For information on payment amounts, we recommend referring to the “Aufenthaltskosten für Deutsche im Ausland” (Living expenses for Germans abroad, German only) which is regularly published and updated by the DAAD. Staff costs are normally paid in the form of fees. To simplify the procedure, we advise you to include the travel costs incurred for project partners in the fee and estimate a total amount. Please remember to take any sales tax into account in your calculations.
Who decides whether to approve my application?
The Funding Committee checks all long-term funding applications that are received and then makes a funding recommendation, i.e. a recommendation for the approval (with or without conditions) or the rejection of the application. The Executive Board makes the final, legally binding decision. For short-term applications, only the Executive Board is involved in the decision.
What happens to the results of my research project? Are they also made available in the German Lost Art Foundation’s Proveana research database?
Yes. Upon completion of the project, you are contractually obliged to submit a detailed research report to us. The Foundation will incorporate the results contained therein into the research database; the full report will also be accessible via Proveana. It is usually necessary to blank out some parts of the text for ethical or legal reasons.
What is an Initial Check?
An Initial Check is intended to enable institutions that collect or hold cultural goods to carry out an initial, basic examination of their collection if they do not have the necessary staff capacity to do so themselves. At least some evidence to indicate a link to colonial contexts should exist, however, it is not necessary to know any concrete or detailed information. An Initial Check can be proposed for all types of objects. One possible result of an Initial Check is the identification of objects or groups of objects that require more extensive provenance research. Upon completion of the project, a short-term or long-term research application can be submitted after consultation with the department.
Who can apply for an Initial Check?
The Initial Check is primarily intended for collections that are not in a position to carry out such a basic examination of their holdings due to their staff resources. It thus refers to smaller institutions in particular. Evaluation criteria are the staffing or financial resources, the (un)availability of specialist expertise, and the size of the collection itself. It is possible for several small institutions to form a consortium. In specific individual cases, abandoned collections or those outside the subject area represented by the museum can undergo an Initial Check in larger institutions. In such cases, it is necessary to contact the department for individually tailored advice.

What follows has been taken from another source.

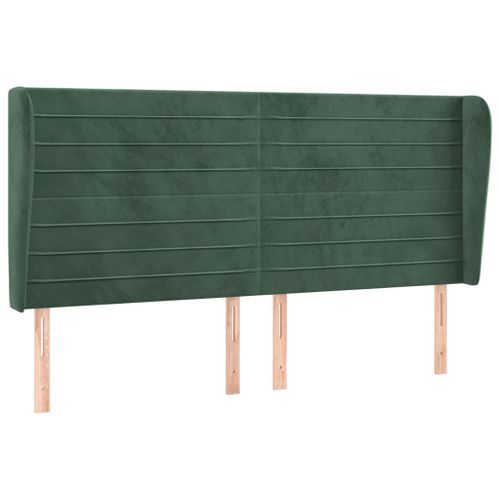 Tête de lit avec oreilles Vert foncé 163x23x118/128 cm Velours - Photo n°2; ?>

In what language can applications be submitted?
Applications must generally be submitted in German. However, it is possible to submit an application in English with the agreement of the Department if this facilitates the involvement of institutions, communities, and experts from the countries and communities of origin. The short description and the financing plan must be submitted in German, even where the application is in English. In the event that the project is funded, the other parts of the application must also be provided in German. Translation costs can be specified and applied for in the financing plan.